Today, I have a very special video for you.
What we're going to do is we are going to talk about marketing automation and what you need to run in your CRM stack, or your email automation stack, so that you can effectively deploy email marketing automation in your business. We're also going to talk about the best niches for marketing automation and CRM marketing.
What CRM marketing automation does for you.
Typically, when somebody first learns about you, it's through some traffic source. The traffic source, it might be Google. It might be a paid ad. It might be a Facebook page post. It might be Instagram, whatever. Wherever your traffic comes from they:
- Learn about you
- Click through a link somewhere
- Ultimately, they end up on your website finally...
- Becoming a lead.
Once that happens, then you can't just let your lead hang out and do nothing. Something needs to happen for them that moves them closer to your business... Closer to buying from you.
So many of our clients are like "Yep, we know we have a big list but we just don't email them. We don't send them stuff. We don't even send them blog posts or nurture the relationship."
At the end of the day, what you will find is the relationship with your customer, your prospect, that one person, is really hat CRM marketing is all about. It's how can you help that person understand your business better so they can make a better buying decision.
Marketing-based CRMs are made up of really only three things
You have your trigger.
So, the trigger is how did that person find you. Did they fill out a form? Did they hit a webpage?

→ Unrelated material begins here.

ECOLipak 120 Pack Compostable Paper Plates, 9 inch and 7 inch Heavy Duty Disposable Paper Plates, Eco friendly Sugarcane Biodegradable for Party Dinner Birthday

Then you have your campaign. So, your campaign is made up of emails, texts, calls, print post cards. All of that outbound stuff is really the material that is in the campaign.
Really, to get a customer, prospects go through the exact same process every time.
Campaigns automate repetitive tasks so you don't have to do them manually and they make your marketing a predictable process.
Oftentimes when we're working with clients, they're like, "Okay, we're launching. When is our first customer going to come?"
I'm like well, that's a great question. It's kind of a trick question, but it's a great question.
The reason is is because in order to get a customer, first somebody needs to opt-in to your website and then they need to get some emails about the thing they just opted-in for because nobody ever opts-in to a form that just isn't going to give them something. So, whether it's a spreadsheet or a lead magnet or a webinar or a video or a course or whatever, free training, they're always going to be opting in for something.
So, your first responsibility is to get them that something. Then you can put them in a nurture sequence.
The nurture sequence is like here's what we do, here's some links to our blog. Here's a little bit about the founders. Here's links to the social media profiles, whatever.
Whatever's going to help bond them to you.
Whenever I think of customer acquisition, I have this picture of a mountain.
Are they moving closer? Or further away?
So, the mountain is off in the distance. It's snow-capped. There's thunder clouds over top of it. When a customer signs up with you, they are either moving closer to the mountain or they are moving farther away. Everything you need... All the messages, all the campaigns... Everything you do needs to move them closer to scaling that mountain because the closer they move to scaling the mountain, the more likely it is that your going to get a buyer, you're going to get a customer. If they turn around and start walking the other way, then of course they're never going to buy from you.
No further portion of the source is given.